Given that IT leaders entered 2014 with lowered expectations after a somewhat tepid 2013, and that increased adoption of cloud computing would appear to reduce IT staffing needs in a number of areas, the staffing increase is a positive sign for a sector that hasn't seen job growth since before the Great Recession.
Especially encouraging are the indications that the growth appears to be more sustainable trend than temporary surge, John Longwell, VP of research at Computer Economics, said via email.
"I think the hiring, especially among larger companies, reflects confidence in the sustainability of the recovery and a recognition that they need to bring on staff to support operations," Longwell said. "We are not seeing a large or dramatic increase, but we are seeing steady improvement."
That IT organizations need more staff to support operations was clear from another survey finding: More than two-thirds (67%) of surveyed organizations say their IT operations budgets have increased, up from 61% the previous year.
Conversely, IT capital budgets are expected to be flat at the median, with an even split between companies that are increasing their IT capital spending and those that are shrinking it. While it would be easy to attribute the growing emphasis on operations to cloud adoption, and the reduced need for IT infrastructure that results, Longwell says the impact of the cloud on capital spending will develop more gradually than the current trend is unfolding.
"IT organizations are still managing a lot of infrastructure and on-premises systems and they need to keep investing in that infrastructure and those systems. While the disruptive influence of cloud computing may partly explain the pause in the capital spending growth, we think there have to be other, more short-term explanations at work."
Oddly enough, one of the survey's most positive indicators is a finding that, at first blush, appears anything but. More than half of respondents (53%) say that their IT operational budgets are inadequate to support the business, with 10% describing their operational budgets as "very inadequate."

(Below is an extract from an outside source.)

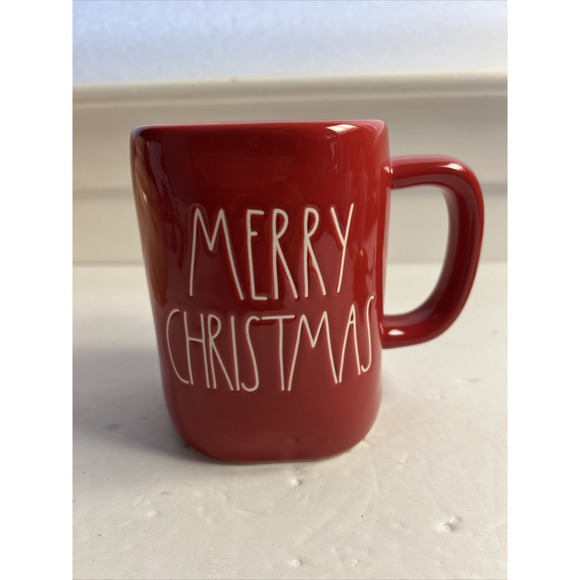 Rae Dunn, Artisan Collection, Merry Christmas, Mug by Magenta, 16 oz, Red - Picture 1 of 6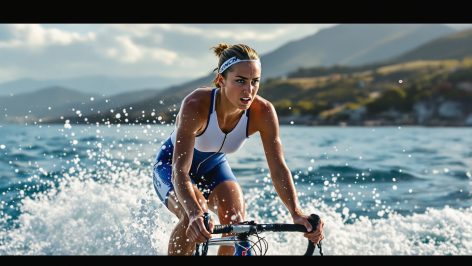 découvrez comment une triathlète française, déjà médaillée d'or aux jeux olympiques, marque l'histoire en remportant la première étape des championnats du monde de triathlon organisés en france. un exploit sportif à ne pas manquer !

"This is an interesting metric because it is somewhat counterintuitive," says Longwell. "At the start of the recession, when IT executives were being asked to cut their budgets, they were actually more positive about the adequacy of their budgets. Now that the business climate is improving, they are feeling pressure to deliver more services, and their current budgets seem inadequate to support the growth.
"So the dissatisfaction level signals a willingness to lobby for more spending on IT. This is an indicator that business leaders are under pressure to increase IT spending."
Translation: The more IT leaders feel they're being shortchanged, the more optimistic their organizations should feel about the future.